Disruption-tolerant networks (DTNs) are sparse mobile ad hoc networks where nodes connect with each other intermittently and end-to-end communication paths do not exist. Data routing in DTNs is challenging and has drawn much attention from research communities recently. Although many DTN routing strategies have been proposed in the past, they confront problems such as blind spots and dead ends and lack efficient implementation in a decentralized, large-scale, mobile, and dynamic environment. To overcome these difficulties, we introduce a new solution for DTNs that leverages the social properties and mobility characteristics of users. Our observation of the mobile trajectories of three data sets collected from real DTNs reveals that user movements appear locally and they tend to form communities correlated to geographic locations. Based on these findings, we propose a social- and mobile-aware routing strategy (SMART). It exploits a distributed community partitioning algorithm to divide the DTN into smaller communities regarding user locations and interaction routines.
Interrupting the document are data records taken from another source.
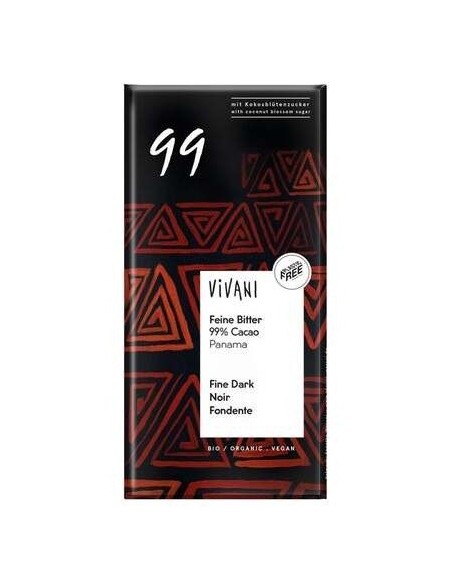 Chocolate Negro Fino 99% Cacao de Vivani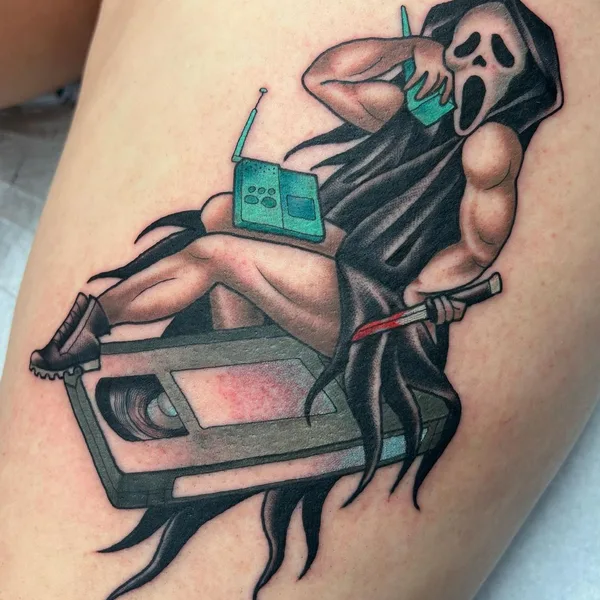 Neo Traditional tattoo by Megan Mac in Kansas City
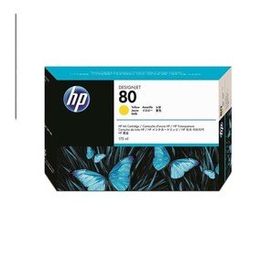 HP 80 C4873A Sarı İnkjet Mürekkep Kartuşu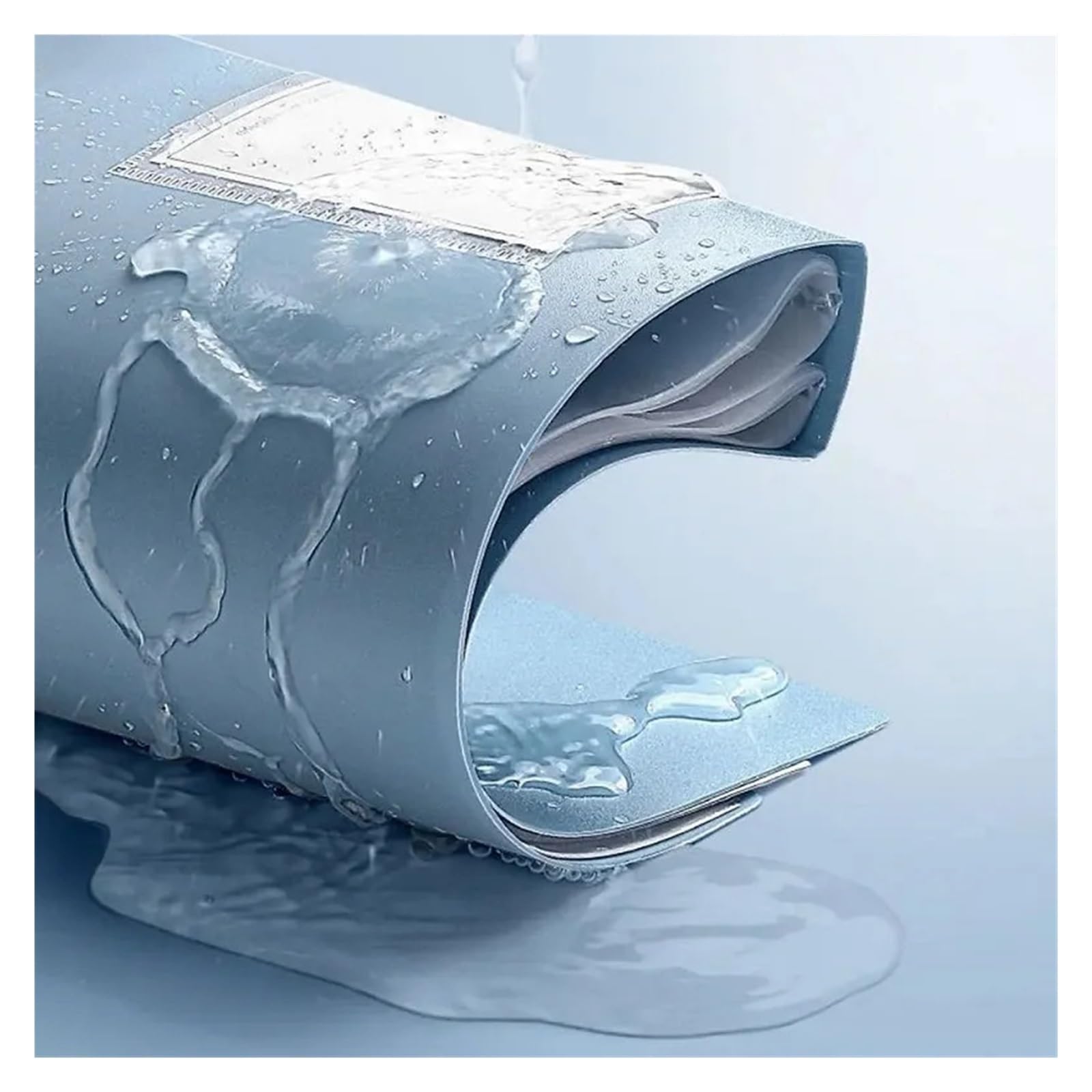 Carpeta de Archivos A4 de Gran Capacidad Organizador de Documentos Multifuncional Resistente al Agua y al Polvo Soporte de Documentos de Escritorio Contrato Carpetas De Fundas A4(Sky Blue)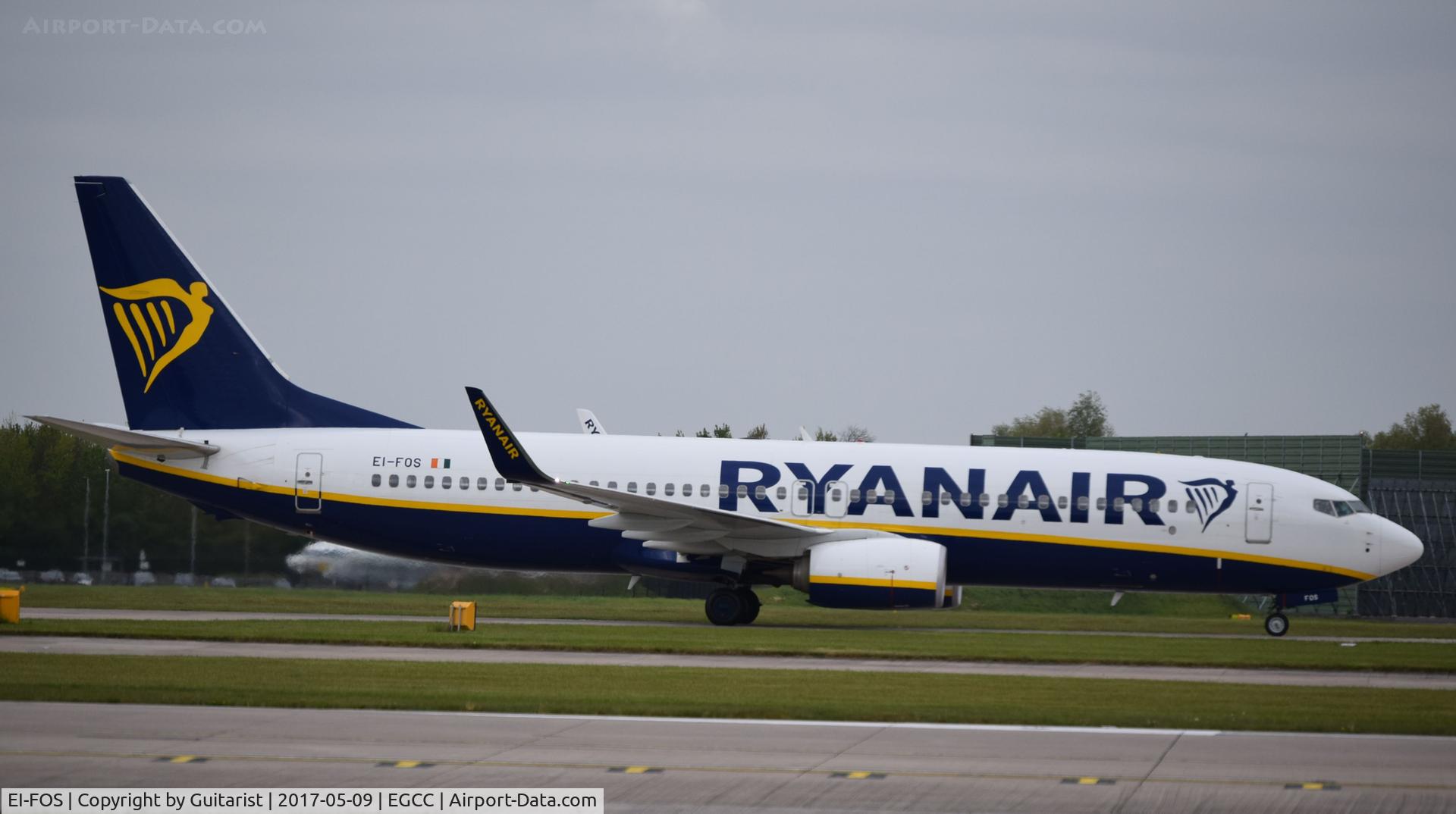 EI-FOS, 2016 Boeing 737-8AS C/N 44727, At Manchester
For intracommunity communications, a decayed routing metric convoluting social similarity and social centrality is calculated, which is used to decide forwarding node efficiently while avoiding the blind-spot and dead-end problems. To enable efficient intercommunity communications, we choose the fringe nodes that travel remotely as relays, and we propose the node-to-community utilities for routing decision across communities. We present empirical analysis to show that SMART reduces the occurrence of blind spots and dead ends to a level below 1%. The efficiency of SMART is evaluated by extensive trace-driven experiments, which illustrate that it outperforms other routing strategies in various real DTN traces.